Under the heading, “The American Civil-Military Threat to Iraq”, Cordesman makes the following points (quoted verbatim or paraphrased):
1. The US invaded Iraq without a valid understanding of the Iraqi government, economy, and sectarian and ethnic differences. It did not have plans, staff, or aid money to deal with the situation; and did not have the force strength to provide security.
2. Our reaction to the problem was incompetent and misdirected. We focused on national elections and paper constitutions, rather than effective governance, and a massive aid program to “reconstruct” Iraq in American terms. It failed to recruit, deploy, and retain competent civilians.
3. It took too long to realize that creating effective Iraqi security forces was a critical element of stability. It rushed ill-prepared Iraqi Army units into combat and local security missions.
4. The US military was ill-prepared for its new focus on counterinsurgency, stability operations, and nation building. Its military have been pushed into a wide range of new training and civil military roles. It remains short of experts and fully qualified translators (where it may still have less than 25% of its needs).
5.The US is only now is beginning to understand the full limits of Iraq’s oil “wealth,” the depth of the structural problems in Iraq’s economy, and the need to “reconstruct” in ways that take account of the need for money to flow to Iraqis, rather than foreign contractors.
6. Tactical victories and military efforts are pointless without political success. The US supported a form of deBaathification that was bound to alienate the Sunnis, and removed much of the nation’s secular core from power. The US insistence on national elections in a country without political parties left a legacy of government divided along sectarian and ethnic lines. The US pressure for a new constitution helped make “federalism” a key issue. Political conciliation has been far more cosmetic than real, adding Arab Sunni versus Arab Shi’ite, Shi’ite on Shi’ite, and Arab on Kurd tension and violence to the threat posed by hard core Sunni Neo-Salafi led insurgency.
7. The “surge” strategy in Baghdad is little more than a repeat of previous tactical efforts to bring local security to the capital city. If it succeeds, it will probably be because the Shi’ite
militias stand down, and the US effectively helps a Shi’ite dominated government “win.” If it fails, it will probably be because US military friction with the Shi’ite militias becomes violent. It is far from clear that the US Congress will give either the current or the next President the necessary time and resources to exploit “success”, even if we achieve it.

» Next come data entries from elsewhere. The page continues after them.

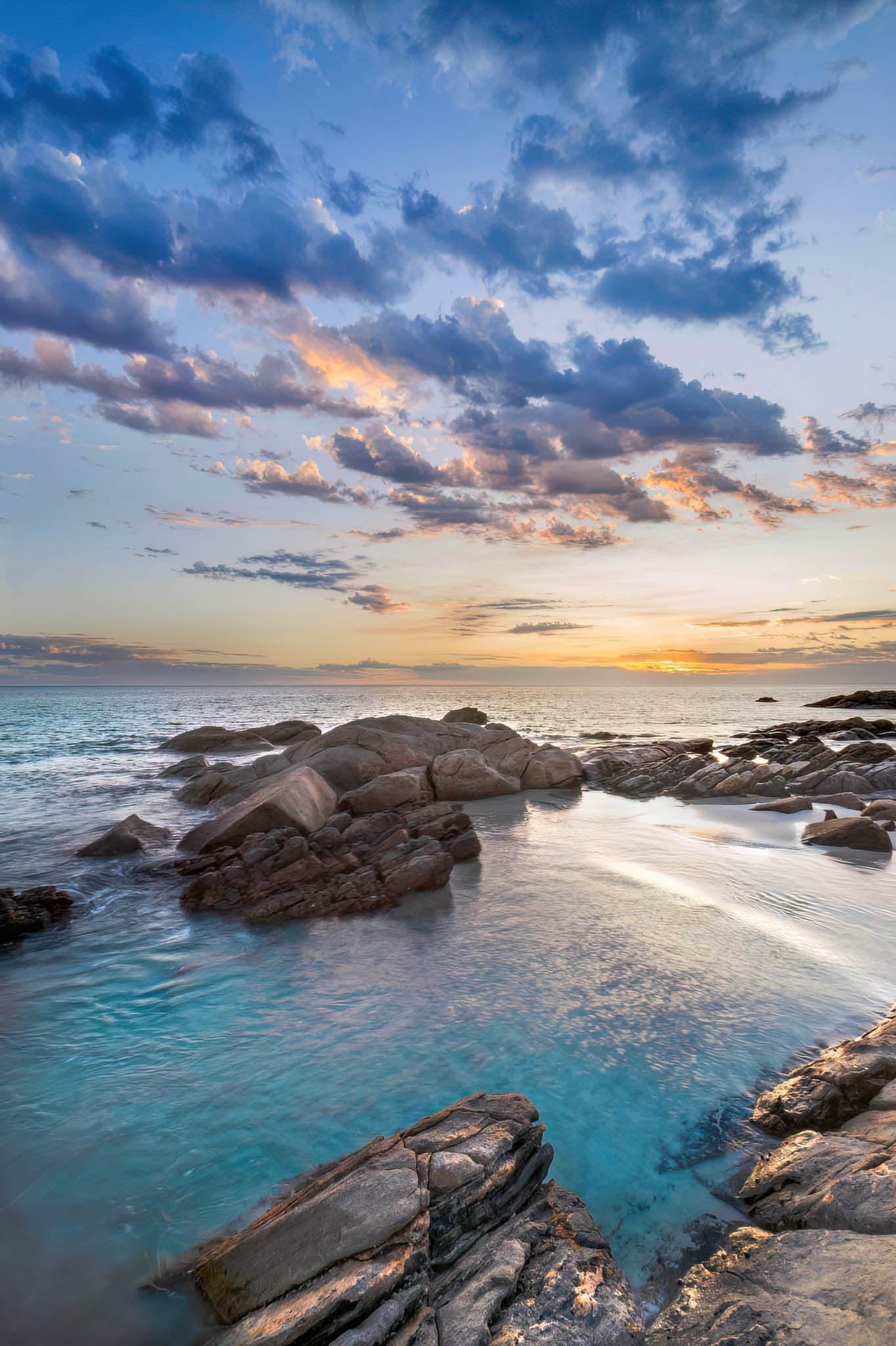 Dawn and sunrise over a rocky coastline with clear blue water.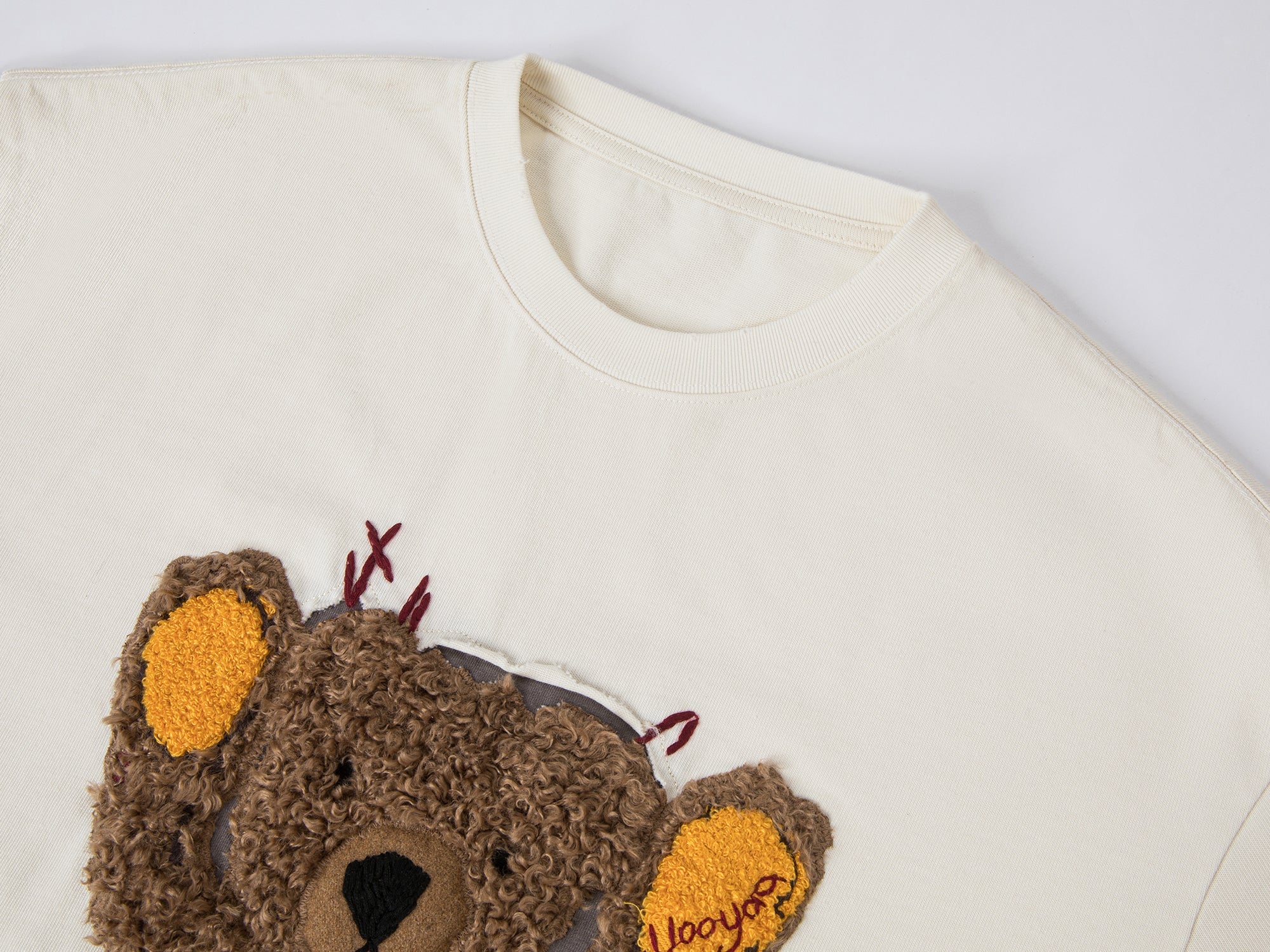 Teddy bear peeking through long-sleeve T-shirt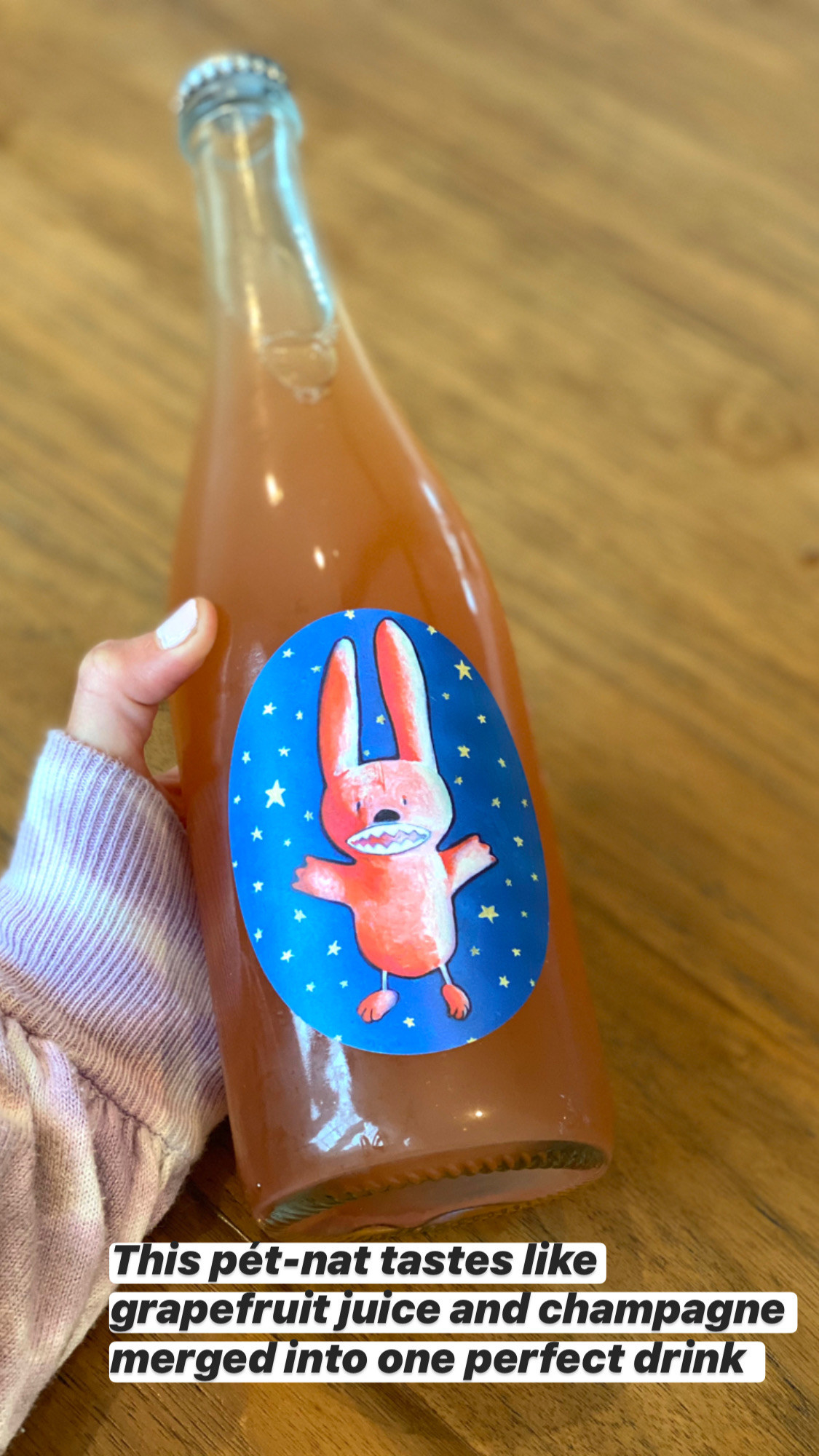 A bottle of peach-colored pét-nat wine with a bunny on its label.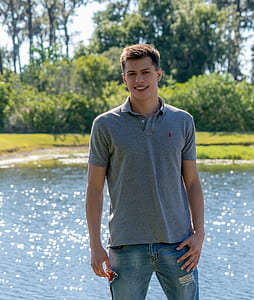 man standing in front of calm body of water thumbnail
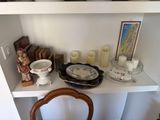 a white shelf with candles, plates, and other items on it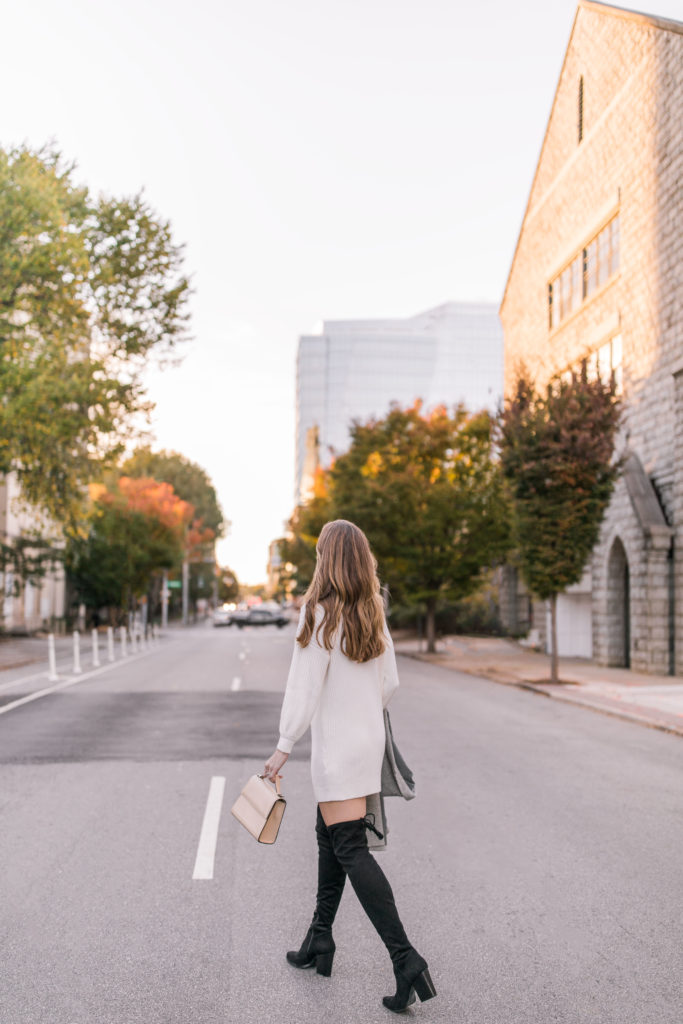 blogger wearing over the knee boots outfit with white sweater dress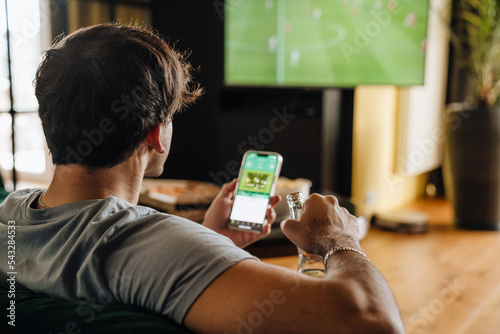 Back view of man watching football match and making bets at bookmaker's website in front of TV screen photo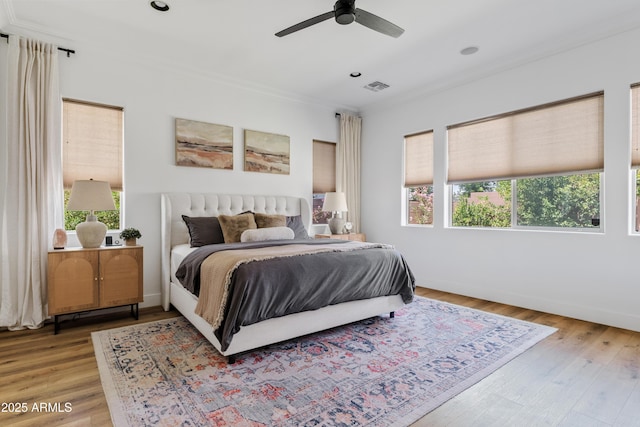 1500 E Sagittarius Pl, Chandler, AZ 85249 - bedroom featuring multiple windows, ornamental molding, light wood-type flooring, baseboards, and recessed lighting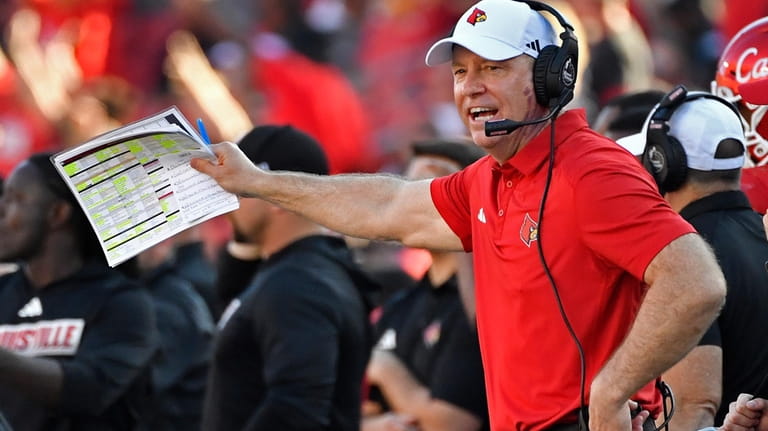 Louisville head coach Jeff Brohm shouts instructions to his team...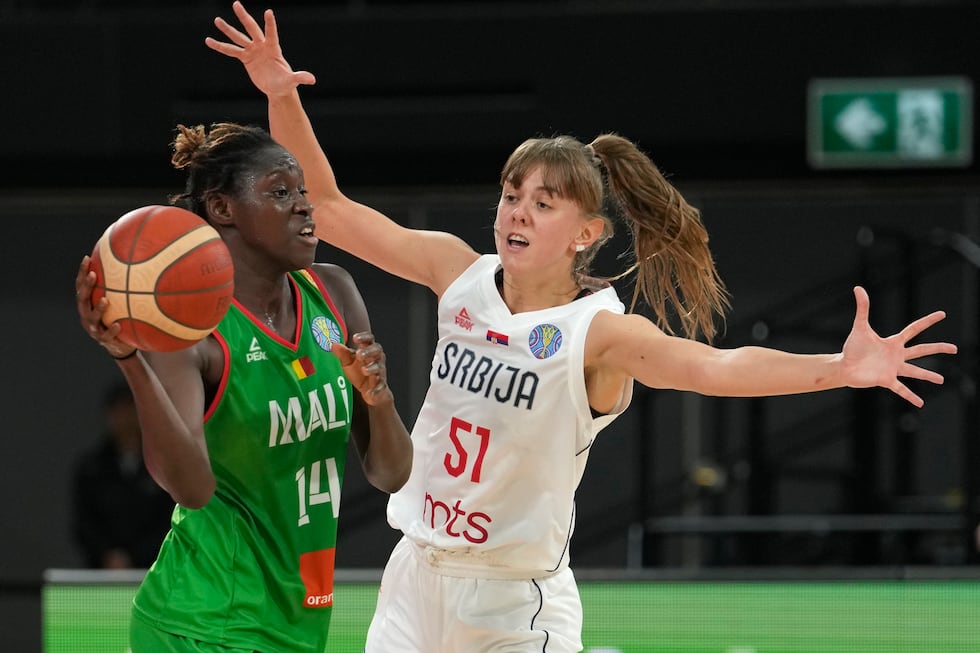 Serbia's Mina Dordevic, right, defends against Mali's Sika Kone during their game at the...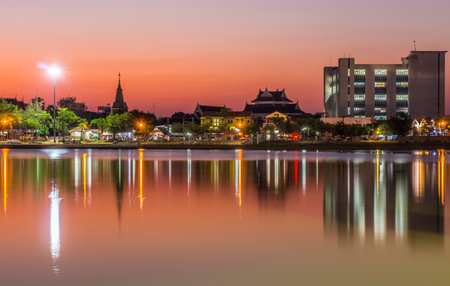 Cityscape of Udon Thani view from Nong Prachak Public Park at twilight time. The province in northeast Thailand, Southeast Asia.の写真素材
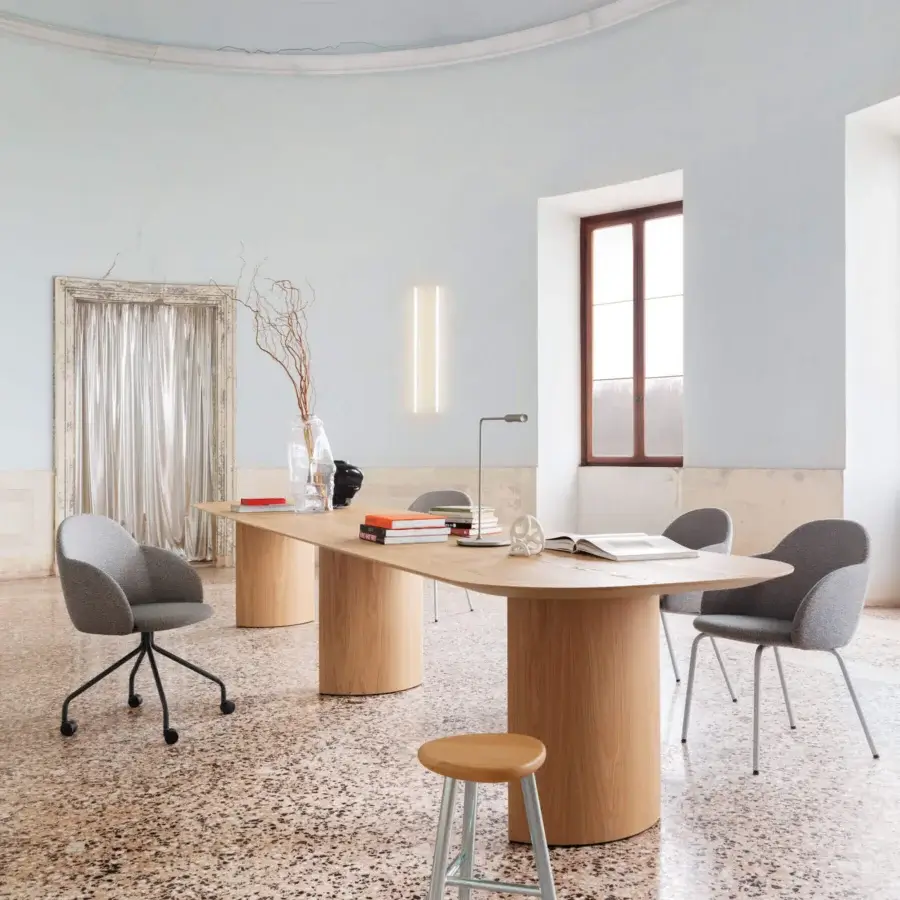 Elegant Miniforms Iola armchair upholstered in sleek grey textile with slender black finished metal legs crafted in Italy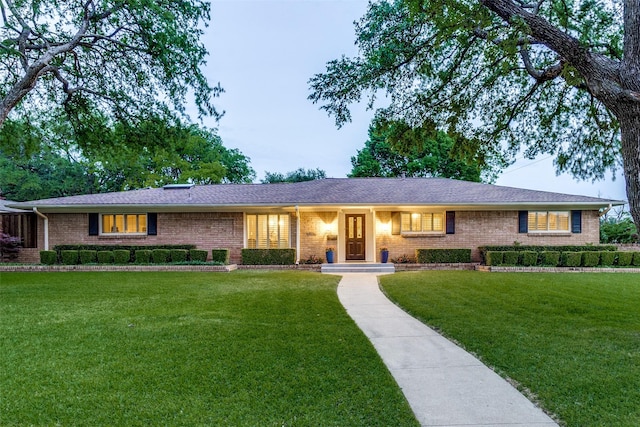 ranch-style home featuring a front lawn and brick siding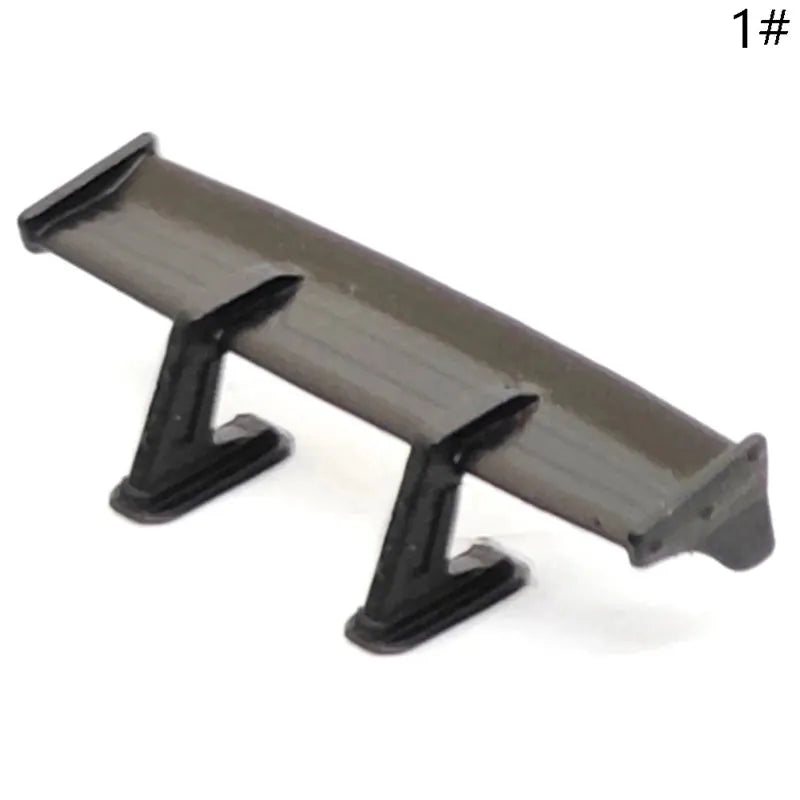1:64 scale model car rear spoiler wing in dark gray plastic with black supports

8. As in Vietnam, the US has created reporting systems designed to report success, not real progress or the lack of it, for its Iraqi force development and political and economic aid efforts. This reporting has slowly improved in some areas under the pressure of events, but much of the US reporting on Iraqi force development and economic aid efforts still lacks meaning and credibility. This includes basic data like Iraqi force manpower, unit readiness, aid efforts relative to requirements, and reporting on aid based on meaningful measures of effectiveness.